Mereş merkezli büyük depremin 40. gününde avukatlar, yaşamını yitiren canlar için İstanbul Barosu önünde anma etkinliği düzenlendi. Depremden en çok etkilenen kentlerden olan Hatay Antakya’da anne ve babasını kaybeden Avukat Eren Can’ın ön saflarda yerini aldığı anmaya, TİP Milletvekili Ahmet Şık ve çok sayıda yurttaş katıldı. Polis ablukası altında gerçekleşen anmada, depremin vurduğu illerin ismi yazılan dövizler yere serilerek üzerine mumlar yakıldı.

‘EN TEPESİNDEN EN DİBİNE HESAP SORACAĞIZ!’

Anmada ilk konuşma Avukat Kemal Aytaç tarafından yapıldı. “Bu cinayetlerin sorumlularını lanetleyeceğiz, kınayacağız” diyen Aytaç, “Şunu herkes bilsin. Bunun arkasında duracağız, bunun peşinde duracağız. Bu ülkede adalet sisteminin ne kadar çürük, ne kadar işlemediğini, ne kadar berbat olduğunu en iyi biz biliyoruz. Ama buna rağmen kim suç işlemişse, kim kötülük yapmışsa, en tepeden en dibine kadar bunun peşini bırakmayacağız. Ve mutlaka hesabını soracağız” dedi.

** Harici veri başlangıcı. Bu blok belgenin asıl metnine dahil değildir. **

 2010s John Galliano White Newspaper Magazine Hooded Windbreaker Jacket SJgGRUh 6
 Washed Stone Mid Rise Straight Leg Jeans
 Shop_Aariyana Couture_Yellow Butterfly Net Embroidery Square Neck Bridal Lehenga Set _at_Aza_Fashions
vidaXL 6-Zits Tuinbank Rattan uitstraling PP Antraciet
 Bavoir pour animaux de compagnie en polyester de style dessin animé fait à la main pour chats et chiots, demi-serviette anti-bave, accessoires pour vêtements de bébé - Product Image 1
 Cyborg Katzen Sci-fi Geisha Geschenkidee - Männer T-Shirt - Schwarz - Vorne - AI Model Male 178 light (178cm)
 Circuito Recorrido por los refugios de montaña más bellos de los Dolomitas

‘HELALLİK İSTEYENLERE HAKKIMIZI HELAL ETMİYORUZ!’

Hatay’da büyük kıyıma neden olan depremde anne ve babasını kaybeden Avukat Eren Can da, “Bizden helallik isteyenlere hakkımızı helal etmiyoruz. Unutmayacağız, affetmeyeceğiz, hesap soracağız. Çünkü bu basit bir afeti, yüzyılın felaketi gibi nitelendirilecek basit bir olay değil. Liyakatsiz insanların görevde olması nedeniyle orada binlerce insan hayatını kaybetti. Arama kurtarma faaliyetleri yapılmadı. Biz Antakya’da 72 saat kaderimize terk edildik, yok sayıldık” diye konuştu.

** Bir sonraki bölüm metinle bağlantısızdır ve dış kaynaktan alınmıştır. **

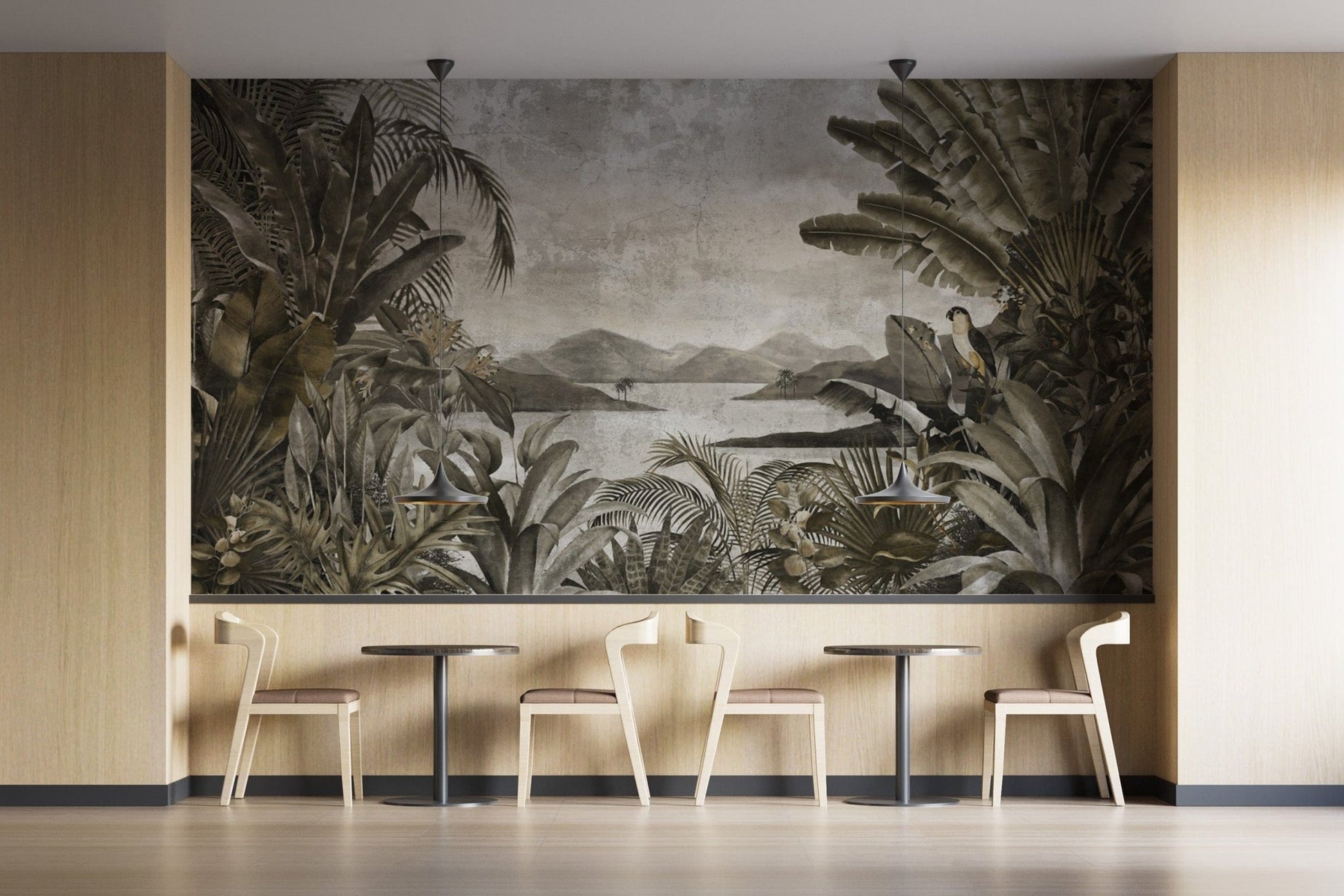 Monochrome tropical forest wall mural B718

En tepeden en alta bütün sorumlular yargılanana kadar bu işin peşini bırakmayacaklarının altını çizen Can, “ Affetmeyeceğiz, unutmayacağız, hesap soracağız” vurgusunda bulundu.

6 ŞUBAT’TA ÖLDÜK

Avukat İlke Çandırbay, “6 Şubat’ta sarsıldık, enkaz altında kaldık, öldük. O günden itibaren susuzlukla, barınma sorunuyla, hastalıkla karşı karşıya kaldık. 11 ilde aynı zamanda yüzlerce meslektaşımız hayatını kaybetti. Evlerini, ofislerini ve ailelerini kaybettiler. Biz bu acının normalleştirilmesine de, bu felaketin sıradanlaştırılmasına da izin vermeyeceğiz” diye konuştu.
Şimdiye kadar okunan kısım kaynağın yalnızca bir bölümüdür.